* _EXERCISE INSTRUCTIONS_: Repeat each entry exactly, but do not carry over the pictures.

# # # # # # #

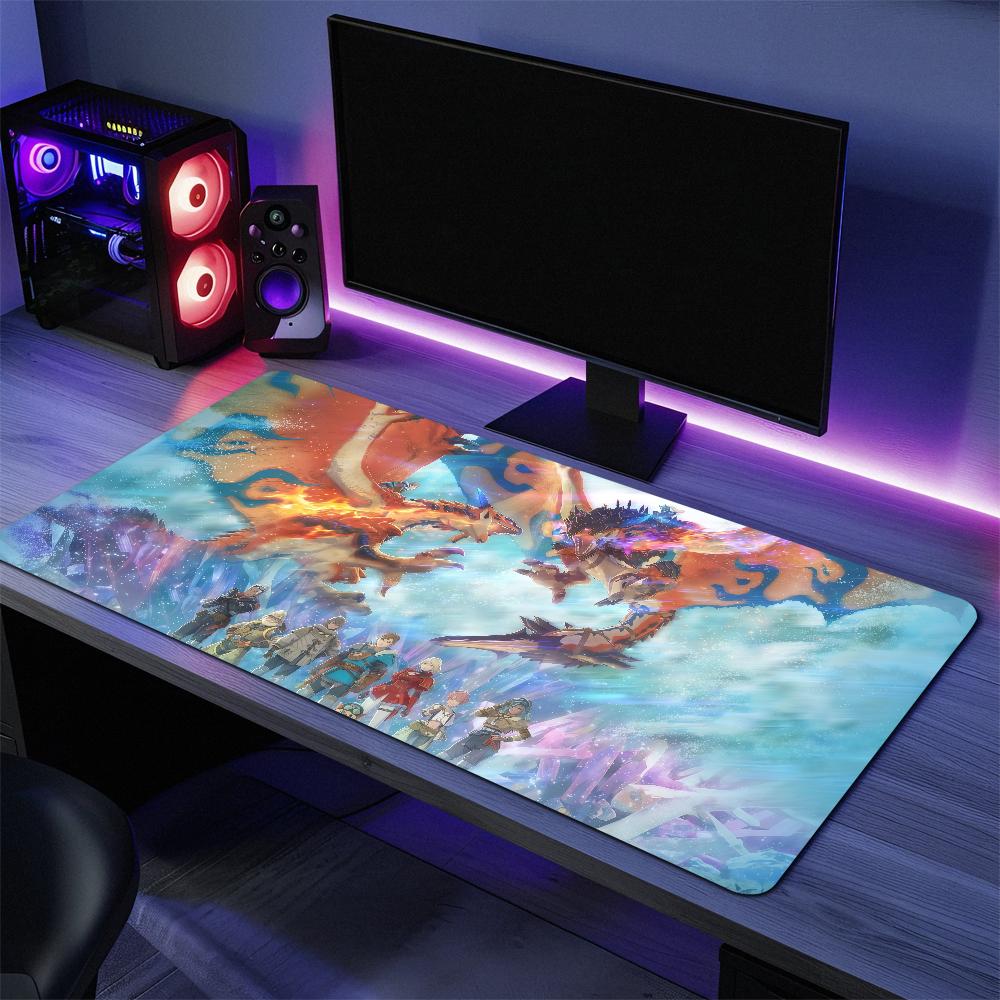 Game MMonster Hunter Stories S Mouse Pad Large Desk Mat Keyboard Ergonomic Office Rubber PC Nonslip Antifray Home Custom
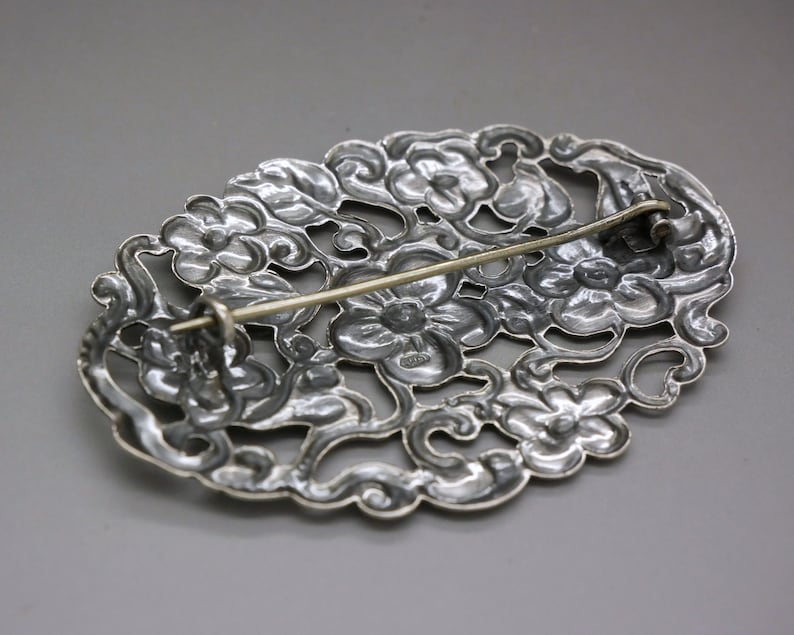 Openwork Flower Ornament Victorian Edwardian Dutch Heritage Jewelry Hallmarked 835 Silver Large Oval Pin Antique Silver Brooch
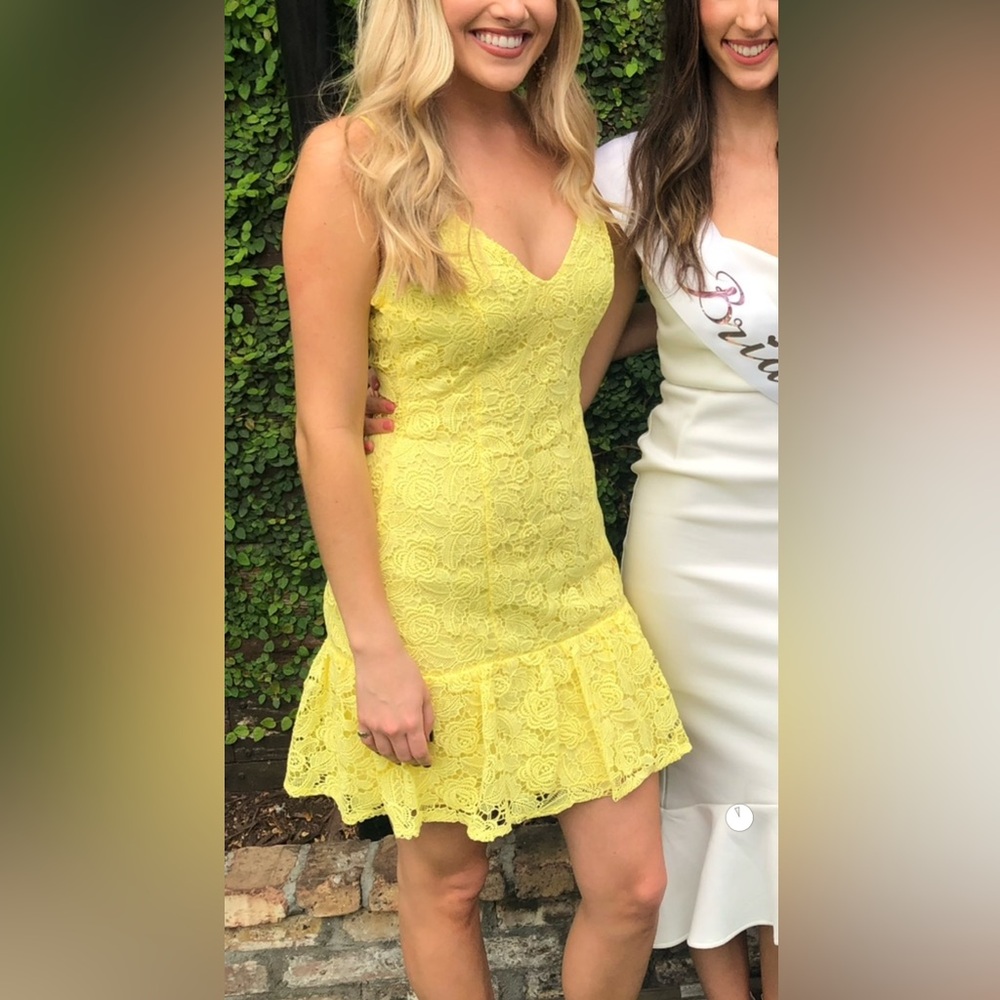 Yellow Floral Lace Dress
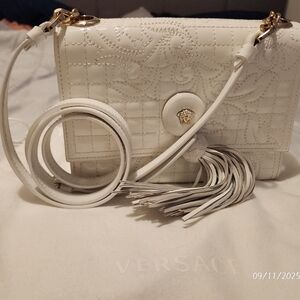 Versace White Quilted Crossbody Bag with Gold Accents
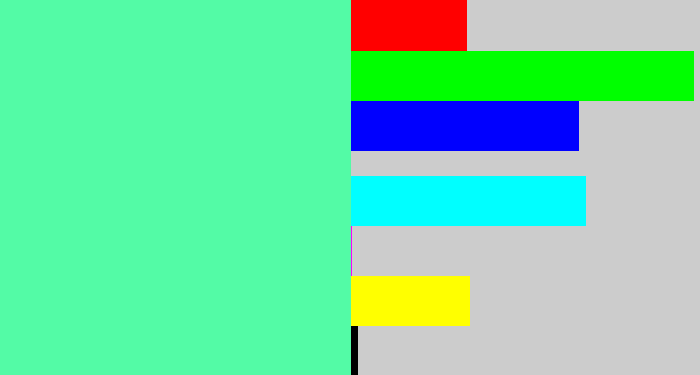 Hex color #53fba6 - light green blue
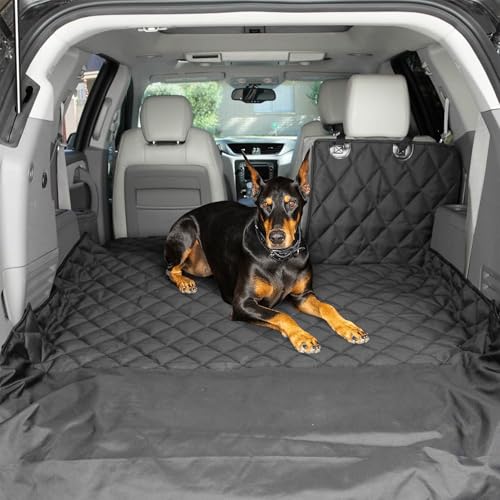 4Knines Split Cargo Liner for SUV – for Dogs & Pets, Heavy-Duty, Waterproof Trunk Mat & Cargo Cover – Fits 60/40 Split Bench & Armrest Pass-Through – Machine Washable, Non-Slip (Extra Large, Black) - color: Black, size: Extra Large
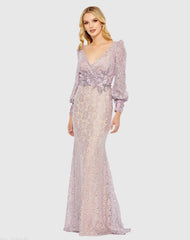 Purple Lace Long Sleeve V Neck Embellished Gown - Final Sale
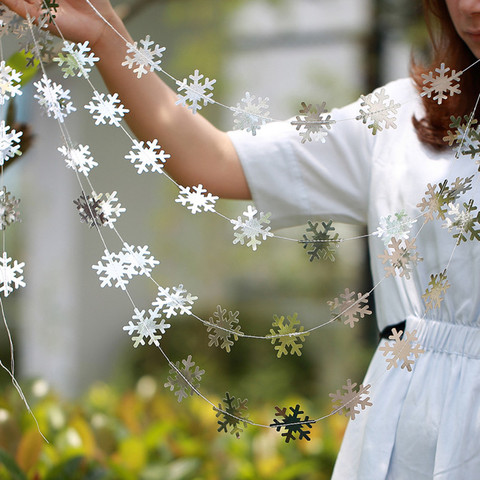 Guirlandes de flocons de neige étoiles scintillantes de 4M, ornements suspendus, décorations de noël pour la maison, accessoires de nouvel an, 2022 ► Photo 1/6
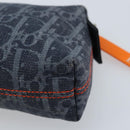 Christian Dior Trotter Canvas Pouch Navy Silver Auth ARZ782A-15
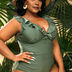 Women Plus Size V Neck One Piece Swimsuit Ruffled Lace Up Monokini-6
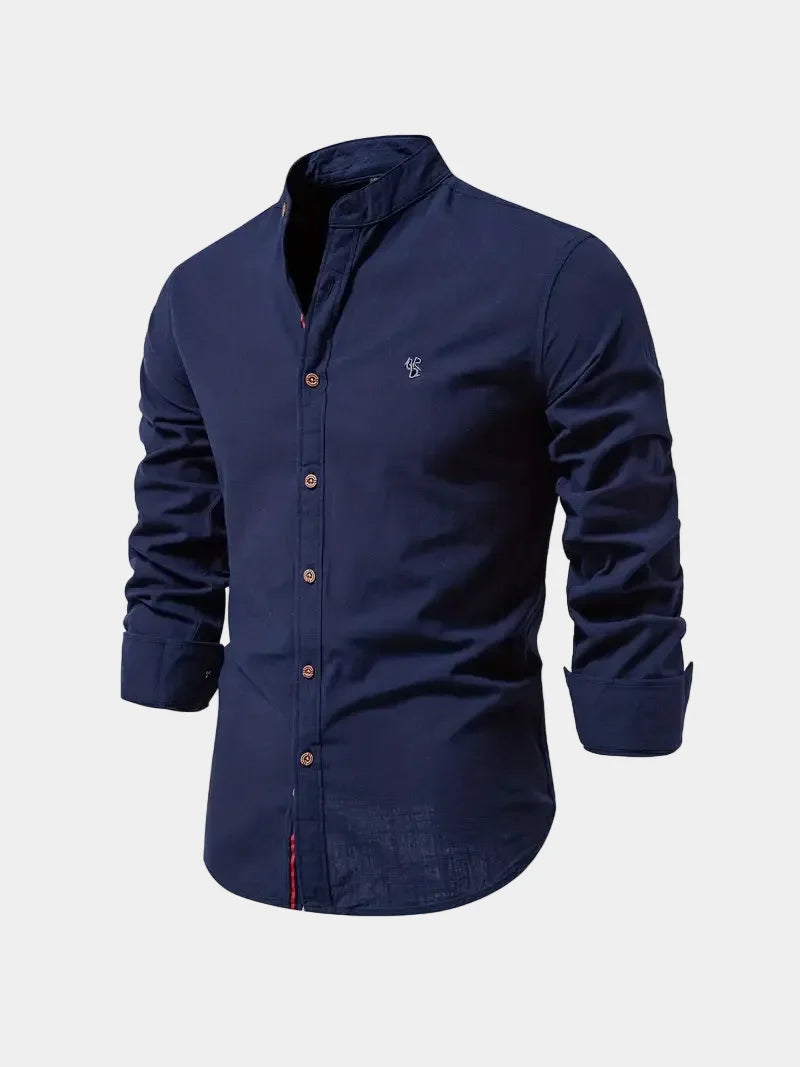 Men's long-sleeved Mandarin collar shirt with button front and curved hem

# # # # # # #

* _RESULT_:
 Game MMonster Hunter Stories S Mouse Pad Large Desk Mat Keyboard Ergonomic Office Rubber PC Nonslip Antifray Home Custom
 Openwork Flower Ornament Victorian Edwardian Dutch Heritage Jewelry Hallmarked 835 Silver Large Oval Pin Antique Silver Brooch
 Yellow Floral Lace Dress
 Versace White Quilted Crossbody Bag with Gold Accents
 Hex color #53fba6 - light green blue
 4Knines Split Cargo Liner for SUV – for Dogs & Pets, Heavy-Duty, Waterproof Trunk Mat & Cargo Cover – Fits 60/40 Split Bench & Armrest Pass-Through – Machine Washable, Non-Slip (Extra Large, Black) - color: Black, size: Extra Large
 Purple Lace Long Sleeve V Neck Embellished Gown - Final Sale
 Guirlandes de flocons de neige étoiles scintillantes de 4M, ornements suspendus, décorations de noël pour la maison, accessoires de nouvel an, 2022 ► Photo 1/6
 Christian Dior Trotter Canvas Pouch Navy Silver Auth ARZ782A-15
 Women Plus Size V Neck One Piece Swimsuit Ruffled Lace Up Monokini-6
 Men's long-sleeved Mandarin collar shirt with button front and curved hem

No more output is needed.